11 July 2024

Brussels (AFP) – European foreign ministers insisted Monday that sanctions imposed on Russia to punish it for invading Ukraine are working — despite the threat to the EU’s own energy supplies.

Last week one EU leader, Hungary’s nationalist premier Viktor Orban, denounced the policy and claimed that Brussels was doing more harm to Europe’s own economy than it was to Moscow.

Arriving at EU headquarters for talks on how to close loopholes in the sanctions regime and increase pressure on Russia, EU foreign policy chief Josep Borrell rejected this.

“Some European leaders have been saying that the sanctions were an error, were a mistake,” he told reporters.

“Well, I do not think it was a mistake. It is what we had to do and we will continue doing.”

Luxembourg’s foreign minister, Jean Asselborn, dismissed the idea of dropping the sanctions: “That would be fatal if we did that. It is our credibility that is at stake.

“Normally we would have to use diplomacy, the UN, to try to get this right. But we are not in a normal time. We are in a time where the laws of the jungle count.”

Since February, when Russia invaded its already partially occupied neighbour Ukraine, the EU has deployed an escalating series of six sanctions packages against Moscow.

Most oil imports have been banned since June, and diplomats are discussing a gold embargo, but many European countries remain dependent on Russian gas for their energy supplies.

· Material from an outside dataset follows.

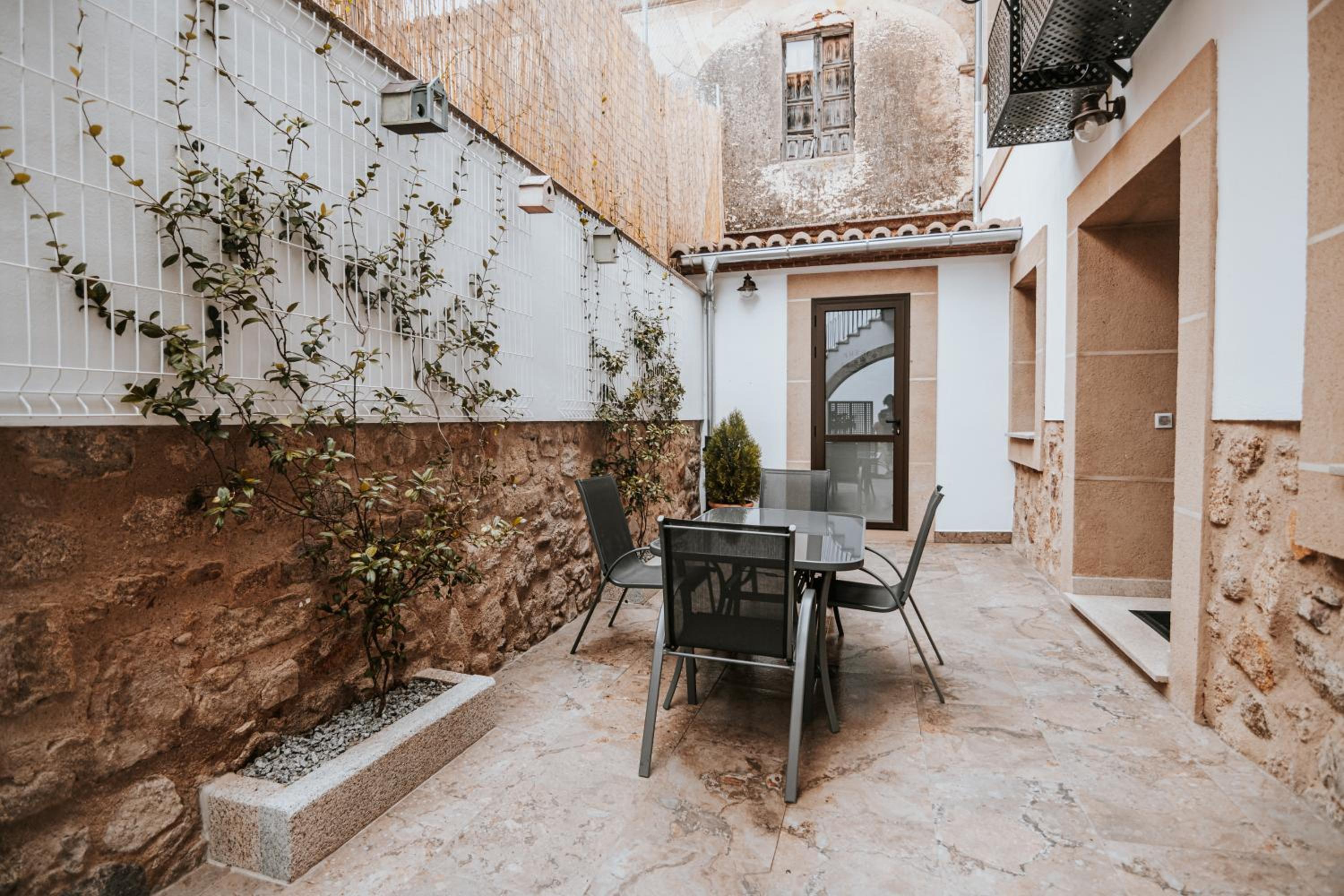 Apartamentos Turaca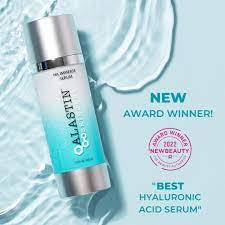 Alastin Skincare- HA Immerse Serum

Borrell and most western leaders insist that the sanctions have damaged Russia’s economy and will only get tighter if President Vladimir Putin fails to withdraw his forces from Ukraine.

But on Friday, Orban — the closest EU leader to the Kremlin and a frequent critic of Brussels — slammed the measures, arguing that Europe had “shot itself in the lungs” by hurting energy supplies.

“Brussels thought that the sanctions policy would hurt the Russians, but it hurts us more,” he said.

Borrell and the EU ministers held talks over video link with Ukraine’s foreign minister, Dmytro Kuleba, before discussing among themselves how to tighten sanctions.

Kuleba, in remarks to the ministers shared with reporters, urged the EU not to give ground to Putin.

“Backing down and bowing to his demands will not work, it has never worked. This is a trap,” he said.

“I am sure that in the following weeks there will be more Kremlin-leaning voices nudging public opinion into giving Putin what he wants so that he leaves Europe alone.

“We should actively counter these narratives,” he said.

Borrell noted that EU officials are drawing up plans to ban imports of Russian gold, but added: “We do not say ‘new package’, but improving the implementation of the already existing sanctions.”

In the meantime, Russia has begun to disrupt gas supplies to Europe, threatening the energy security of countries like EU industrial powerhouse Germany.

“Russia is trying to demoralise us,” Germany’s minister of state for European affairs Anna Luehrmann said.

“We will continue to support Ukraine, both economically, politically, but also with military means,” she said. “It is very important that the sanctions are maintained.”